Doutro lado, ainda na cidade, os caçadores de sombras do Instituto de Londres (locais onde vivem a raça de guerreiros criada pelo anjo Raziel) investigam uma série de assassinatos mundanos. Isso leva um deles, Will Herondale, a encontrar Tessa na casa onde está sendo mantida.

Apesar de também desconhecidos, Tessa arrisca suas chances e prefere acompanhar o jovem e belo rapaz para fora da Casa Sombria. Logo, imerge no universo das sombras e em todos os perigos trazidos por ele. São as várias personalidades e o ambiente seguro e confortável do Instituto que a mantém perto dos shadowhunters, além da promessa deles em encontrar Nate, seu irmão mais velho desaparecido.
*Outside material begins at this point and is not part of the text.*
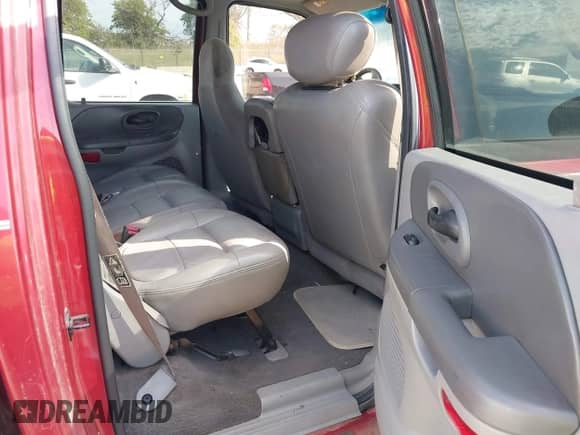 2002 Ford F-150 XLT с VIN 1FTRW08L92KB82180, выставлен на аукционе IAAI как лот 43284205 с пробегом Не указан миль и . История ставок и продаж доступна на DreamBid. Изображение 8.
Anjo Mêcanico é, sem dúvida, uma melhoria do que Clare criou sobre a realidade de Clary Fray em Cidade dos Ossos. A escritora ainda mantém a riqueza de cenários bem descritos e personagens bem construídos, embora aqui, arrisco dizer, as motivações de Will, Jem, Jessie e Charlote se mostram mais moldadas e fadadas ao contraste entre “o que nasci para fazer” e “o que preciso fazer para sobreviver”.

Tessa é a personagem que aprende sobre tudo ao longo do livro, o nosso elo com o novo e o desconhecido. Por meio dela, sentimos a ansiedade e o medo, a raiva e o afloramento de paixões. Novamente, há um triângulo amoroso acorrentado a história; é sutil, autoexplicativo, nada forçado se considerarmos a época (século XIX) em que a trilogia é passada.
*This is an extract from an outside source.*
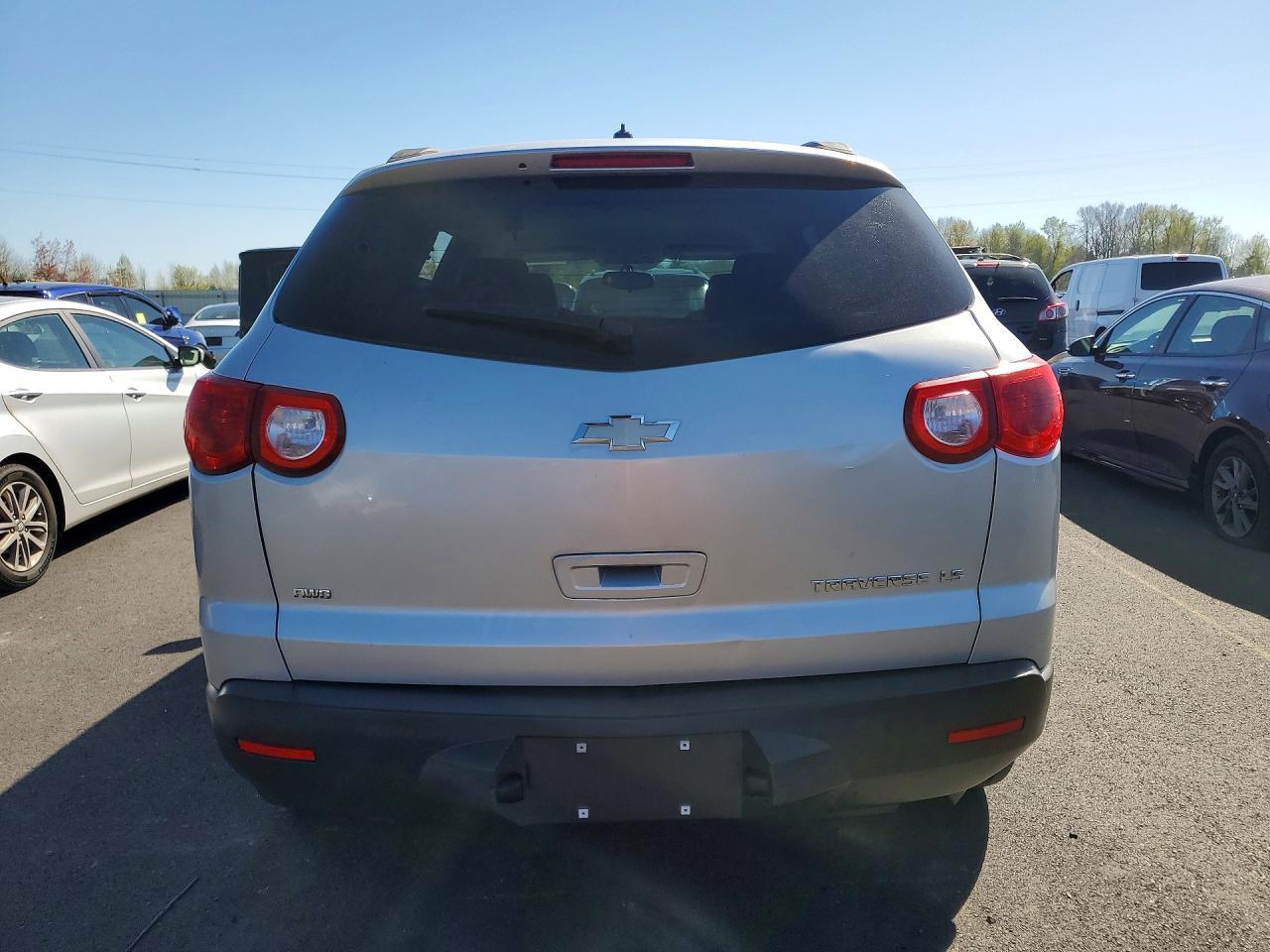 2011 CHEVROLET TRAVERSE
Diferente das batalhas dos caçadores de sombras em defender membros do submundo e humanos em Os Instrumentos Mortais, Anjo Mecânico debate a sobrevivência na luta contra criaturas mecânicas criadas pelos humanos e modificadas pela magia demoníaca, criando um exército que não é nem do Inferno nem do Céu. Isso força os Caçadores de Sombras a descobrirem uma forma de vencer, sem deixar de procurar o motivo que faz Tessa Gray e seu dom serem tão especiais nessa guerra.

Clare continua equilibrando o mundo sombrio de sua obra com o humor persistente, desde os comentários cômicos e obscuros de Will a descrições expressivas de outros personagens diante de alguma situação. É menos recorrente e forçado, uma evolução de escolha. Em contrapartida, apesar de mais evoluídos – afinal, a própria autora amadurece com o tempo –, os personagens se assemelham ao que conhecemos anteriormente em Cidade dos Ossos, alguns com mesma inocência, outros com mesmo mistério interno ou sarcasmo charmoso. Não chega a ser um pecado, mas é a reprodução pouco adaptada de uma receita que já deu certo.

O charme londrino e a malícia das novas descobertas transformam Anjo Mecânico em um bom primeiro livro de uma trilogia que só tende a melhorar e conquistar cada vez mais os leitores, os tornando membros fieis para qualquer obra lançada pela autora.